→ EXERCISE GOAL: Only the lines from the one containing "Bulkhead Socket for" through the one containing "Casă 190 m² pe teren 3 ari" should be printed, exactly as they appear below, with both ends included.

===== EXERCISE MATERIAL =====

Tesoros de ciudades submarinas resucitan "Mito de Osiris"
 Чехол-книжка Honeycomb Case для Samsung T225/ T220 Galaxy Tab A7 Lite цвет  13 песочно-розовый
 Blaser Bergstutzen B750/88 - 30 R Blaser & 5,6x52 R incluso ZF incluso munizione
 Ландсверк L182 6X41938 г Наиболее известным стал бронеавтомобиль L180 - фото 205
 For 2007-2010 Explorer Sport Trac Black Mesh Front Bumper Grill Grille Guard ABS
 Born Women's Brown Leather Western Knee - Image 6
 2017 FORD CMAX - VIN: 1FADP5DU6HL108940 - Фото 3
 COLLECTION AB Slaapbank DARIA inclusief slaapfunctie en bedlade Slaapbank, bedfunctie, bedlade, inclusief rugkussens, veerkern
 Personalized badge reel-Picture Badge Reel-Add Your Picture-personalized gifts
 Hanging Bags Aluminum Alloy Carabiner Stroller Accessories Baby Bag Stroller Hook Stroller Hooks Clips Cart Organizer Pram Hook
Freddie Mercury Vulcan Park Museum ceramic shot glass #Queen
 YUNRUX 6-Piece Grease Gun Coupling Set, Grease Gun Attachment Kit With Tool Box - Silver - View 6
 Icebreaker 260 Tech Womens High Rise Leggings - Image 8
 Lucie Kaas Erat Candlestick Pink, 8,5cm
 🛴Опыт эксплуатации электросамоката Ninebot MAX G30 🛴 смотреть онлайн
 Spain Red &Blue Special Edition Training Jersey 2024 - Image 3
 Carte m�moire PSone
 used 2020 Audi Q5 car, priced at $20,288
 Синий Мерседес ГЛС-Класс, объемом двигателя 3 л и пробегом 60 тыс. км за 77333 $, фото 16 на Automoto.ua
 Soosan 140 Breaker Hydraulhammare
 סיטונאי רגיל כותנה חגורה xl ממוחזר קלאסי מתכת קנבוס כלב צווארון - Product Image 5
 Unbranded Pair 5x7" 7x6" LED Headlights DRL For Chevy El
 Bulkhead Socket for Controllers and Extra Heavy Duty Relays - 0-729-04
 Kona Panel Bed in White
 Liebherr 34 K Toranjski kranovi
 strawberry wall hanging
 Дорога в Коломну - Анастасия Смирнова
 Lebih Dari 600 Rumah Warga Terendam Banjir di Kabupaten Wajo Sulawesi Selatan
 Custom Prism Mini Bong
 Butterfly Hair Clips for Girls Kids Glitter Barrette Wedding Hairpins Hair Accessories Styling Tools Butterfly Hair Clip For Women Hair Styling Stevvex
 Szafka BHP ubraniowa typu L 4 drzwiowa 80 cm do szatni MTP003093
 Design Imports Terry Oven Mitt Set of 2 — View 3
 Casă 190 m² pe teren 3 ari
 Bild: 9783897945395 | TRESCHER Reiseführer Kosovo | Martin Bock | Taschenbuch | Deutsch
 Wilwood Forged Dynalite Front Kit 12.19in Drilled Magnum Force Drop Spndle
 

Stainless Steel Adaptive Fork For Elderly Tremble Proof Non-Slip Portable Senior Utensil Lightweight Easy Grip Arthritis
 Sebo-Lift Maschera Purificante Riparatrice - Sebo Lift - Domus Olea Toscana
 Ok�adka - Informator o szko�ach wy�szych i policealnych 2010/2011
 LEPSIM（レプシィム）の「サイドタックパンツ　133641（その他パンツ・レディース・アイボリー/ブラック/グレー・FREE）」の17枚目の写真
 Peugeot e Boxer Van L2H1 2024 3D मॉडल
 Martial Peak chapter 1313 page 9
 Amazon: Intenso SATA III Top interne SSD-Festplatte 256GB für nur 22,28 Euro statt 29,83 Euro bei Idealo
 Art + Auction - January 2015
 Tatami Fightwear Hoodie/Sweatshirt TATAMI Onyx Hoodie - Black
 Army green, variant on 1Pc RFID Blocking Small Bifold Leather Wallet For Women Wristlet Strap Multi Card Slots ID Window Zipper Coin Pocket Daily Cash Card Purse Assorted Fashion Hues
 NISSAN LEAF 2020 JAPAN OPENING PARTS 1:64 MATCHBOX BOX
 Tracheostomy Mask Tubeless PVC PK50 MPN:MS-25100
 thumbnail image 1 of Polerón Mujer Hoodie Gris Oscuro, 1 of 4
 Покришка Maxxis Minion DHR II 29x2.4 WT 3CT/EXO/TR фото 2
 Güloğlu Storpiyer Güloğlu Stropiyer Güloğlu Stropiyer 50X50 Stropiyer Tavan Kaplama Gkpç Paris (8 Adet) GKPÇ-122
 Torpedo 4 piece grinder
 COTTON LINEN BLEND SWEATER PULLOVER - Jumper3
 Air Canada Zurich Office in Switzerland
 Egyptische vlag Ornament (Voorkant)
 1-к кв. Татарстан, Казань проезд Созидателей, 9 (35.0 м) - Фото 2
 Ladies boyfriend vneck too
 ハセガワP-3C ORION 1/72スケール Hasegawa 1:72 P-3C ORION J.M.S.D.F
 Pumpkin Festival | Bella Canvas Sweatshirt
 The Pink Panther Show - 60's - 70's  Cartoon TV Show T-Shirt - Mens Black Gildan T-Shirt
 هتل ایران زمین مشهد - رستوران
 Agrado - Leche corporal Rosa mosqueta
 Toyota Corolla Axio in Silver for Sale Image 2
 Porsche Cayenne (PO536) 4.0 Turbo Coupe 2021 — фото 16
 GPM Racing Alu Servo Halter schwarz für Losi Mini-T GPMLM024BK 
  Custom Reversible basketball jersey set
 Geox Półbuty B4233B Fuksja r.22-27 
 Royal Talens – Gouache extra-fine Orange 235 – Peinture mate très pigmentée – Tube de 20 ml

=====

→ RESPONSE TO THE EXERCISE:
 Bulkhead Socket for Controllers and Extra Heavy Duty Relays - 0-729-04
 Kona Panel Bed in White
 Liebherr 34 K Toranjski kranovi
 strawberry wall hanging
 Дорога в Коломну - Анастасия Смирнова
 Lebih Dari 600 Rumah Warga Terendam Banjir di Kabupaten Wajo Sulawesi Selatan
 Custom Prism Mini Bong
 Butterfly Hair Clips for Girls Kids Glitter Barrette Wedding Hairpins Hair Accessories Styling Tools Butterfly Hair Clip For Women Hair Styling Stevvex
 Szafka BHP ubraniowa typu L 4 drzwiowa 80 cm do szatni MTP003093
 Design Imports Terry Oven Mitt Set of 2 — View 3
 Casă 190 m² pe teren 3 ari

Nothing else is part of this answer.